Lorsqu’à la fin de 1813 une mission, confiée à Pozzo, l’attira au quartier général des souverains alliés, il savait seulement que le blocus minait l’Angleterre, qu’il fallait abattre la puissance en position de concevoir une pareille idée, ou du moins la mettre hors d’état de la réaliser, et que l’Autriche devait être l’alliée naturelle de l’Angleterre. Il n’en fallait pas davantage pour le livrer à l’habileté du prince de Metternich. Lord Castlereagh est une des premières médiocrités puissantes sur laquelle il ait exercé sa complète domination.

Toujours et en tout temps les affaires anglaises se font exclusivement par les anglais et à Londres ; mais, pour tout ce qui tenait à la politique extérieure, Downing Street se trouvait sous la surveillance de la chancellerie de Vienne ; et je crois que cette situation s’est prolongée autant que la vie de lord Castlereagh.

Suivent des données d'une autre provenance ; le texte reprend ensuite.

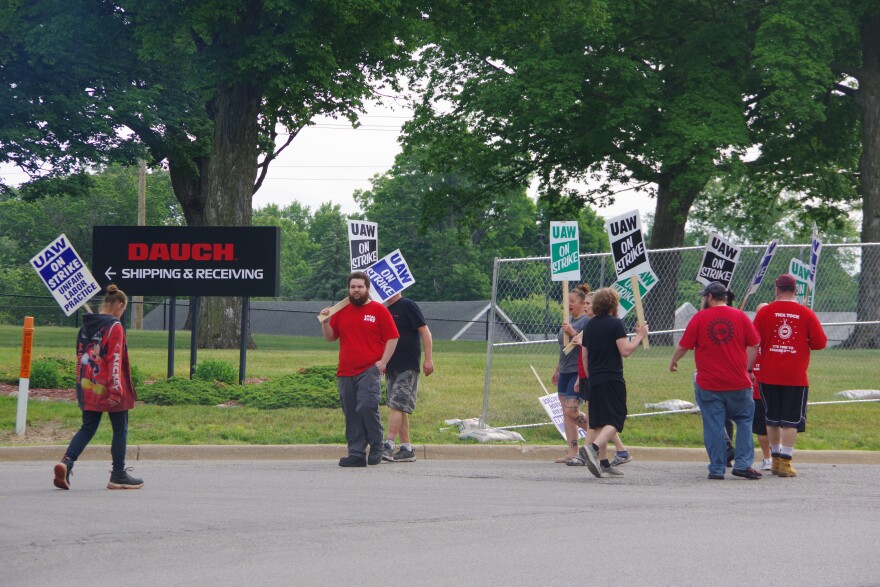 Around ten people stand on the side of the road in front of a chainlink fence and a black sign to the middle right of the image that reads "DAUCH" in red text, below which reads "Shipping & Receiving" in white text with an arrow pointing to the right. The men and women hold different colored signs, but most of them read the same message: "UAW ON STRIKE." One woman's sign to the left of the image reads "UAW ON STRIKE, UNFAIR LABOR PRACTICE" in blue text.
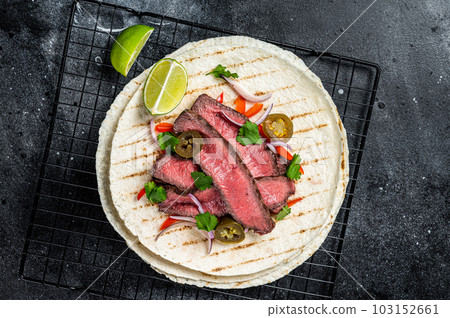 Grilled Beef steak Fajitas, taco tortillas with onion, jalapeno and bell pepper. Black background. top view Grilled Beef steak Fajitas, taco tortillas with onion, jalapeno and bell pepper. Black background. top view 103152661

Lorsque je l’ai connu, il ne donnait aucun signe de la fatale maladie héréditaire qui l’a porté au suicide. Il était, au contraire, uniformément calme et doux, discutant très bien les intérêts anglais, mais sans passion et toujours parfaitement gentlemanlike. Il parlait assez mal français ; une de ses phrases habituelles dans les conférences était : « Mon cher ambassadeur, il faut terminer cela à l’aimable » ; mais, si le mot était peu exact, le sentiment qui l’inspirait se montrait sincère.

Lord Castlereagh avait une grande considération pour le caractère loyal du duc de Richelieu, et la confiance qu’il inspirait a, partout, facilité les négociations dans ces temps de néfaste mémoire.

J’avais connu lady Castlereagh assez belle : devenue très forte et très grasse, elle avait perdu toute distinction en conservant de beaux traits. Elle avait peu d’esprit mais beaucoup de bienveillance, et une politesse un peu banale sans aucun usage du monde.